My Critique Partners (CPs) rock. They totally helped me get to where I am today in my journey. While I would've kept writing and working towards publication without them, I doubt I'd have an agent right now if they hadn't stuck with me for the past few years.
I know, I know, you all thought I was brilliant on my own. But alas, it takes time and gossip sessions -- I mean critique sessions! -- for me to reach my full writerly potential.
So in what ways have my CPs helped me get to where I am?
1. They provide me with deadlines. When I knew they were waiting for pages from me to critique, I had to send them something or I'd look like a slacker (and when I didn't know them that well at first, I really didn't want them to label me SLACKER!), so I was forced to crank out some new material on a regular basis to send to them.
2. Their own writing is fabulous, and I want to be as good as them. By critting their pages, I was subconsciously shamed into wanting to write something even better. Not a competition between us, but a personal challenge for myself.
3. They give me excellent feedback and ideas. I never realized how questionable some of my scenes were until the fresh eyes of my CPs are on them, and brainstorming with them is worth more than I can say -- and is really fun, too!
4. Critting their work is a lesson on things to watch out for in my own writing. Like when I notice that Tina uses the word "smiles" 139 times her chapter 3, it immediately makes me notice my own overused words (I knew I had a problem with "just" when I found it 235 times in a 200 page manuscript....)
5. Their encouragement and praise is better than chocolate. At times when getting an agent seemed never ending, they kept telling me I had what it takes, and I love them for always believing in me.
6. My local in-person CPs are conveniently close for local writerly events. I know I'm blessed to have the talented Maureen and Kate close by -- without them I'd be going to the Teen Book Fest, Rochester Children's Book Festival, and Upstate NY SCBWI conferences all by myself. Not that there's anything wrong with that, but how much better is it to have another passionate kidlit writer around to share these experiences and boost my writing motivation?
7. My non-local CPs are good for different regional perspective. Like if I talk about Wegmans in my book, they'll be like "What's that?" because I forget that the grocery giant is only in a few states. Plus Em and Tina are a great excuse for a writing retreat road trip!
8. Talking with them keeps me in the writer form of mind. It's easy to lose focus, or to focus on the wrong parts of the writing process, so talking to others with the same goals is super helpful and motivating.
My CPs have made me a better, more focused, and driven a writer. When I signed with my agent, she said one of the reasons she wanted to rep me was my clear willingness to continually improve my craft, take critiques to heart, and keep on learning and striving for something better in my books and myself. It made me feel really good that she recognized that about me, and that my CPs all helped me learn and practice these very things.

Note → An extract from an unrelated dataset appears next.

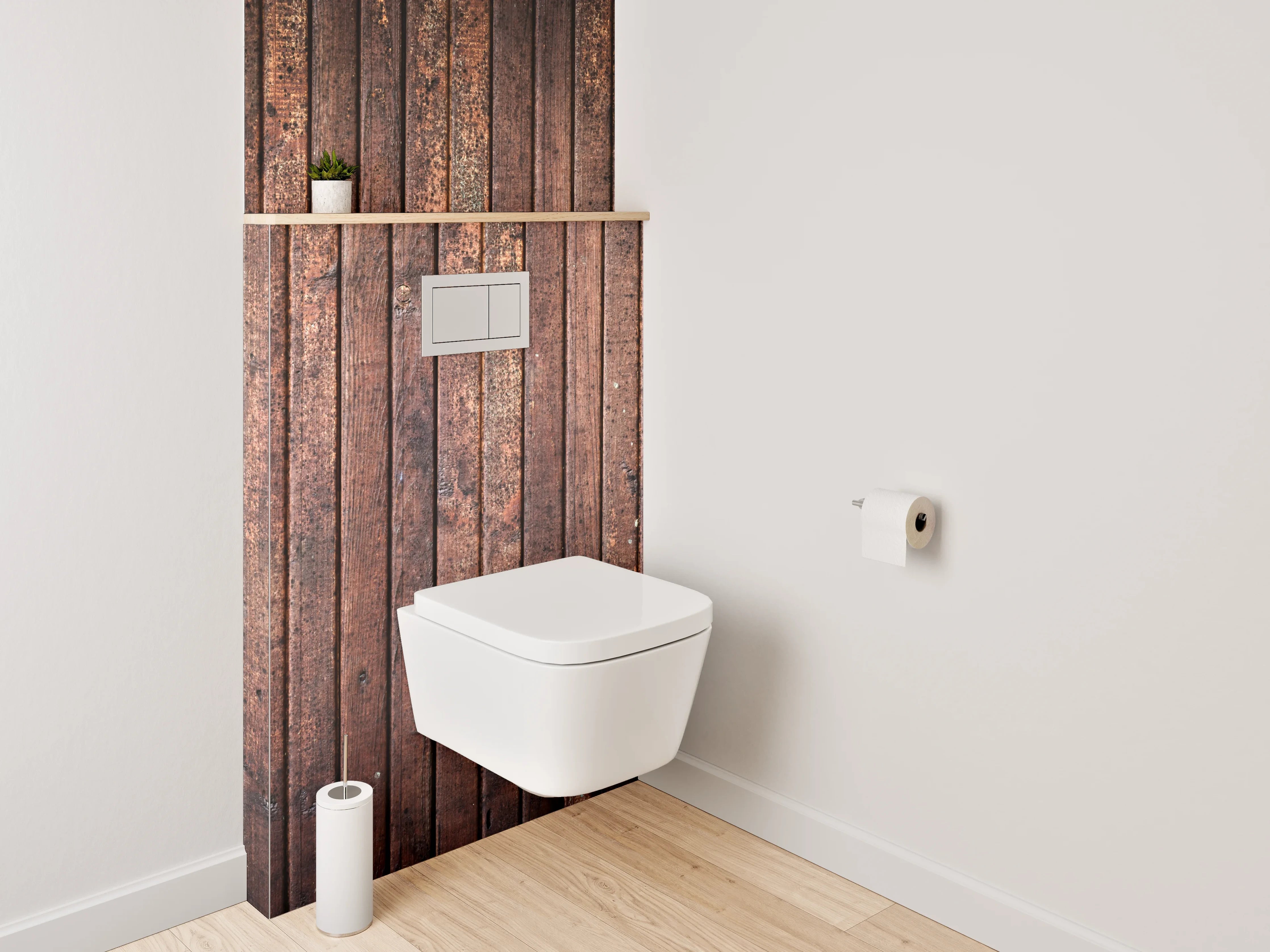 WC-Rückwand - Holzoptik Wandpaneel Braun Natur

If you are on the cusp of signing with an agent and just can't seem to break through, I highly recommend finding some positive but honest CPs. See what they suggest, talk stuff out with them, discuss the market for your book and what agents you should query, and keep going and writing and critting and revising. To find CPs, check out the amazing
Verla Kay chat board or join the SCBWI and log onto their discussion board.
Do you have CPs? Have they helped you on your writing journey?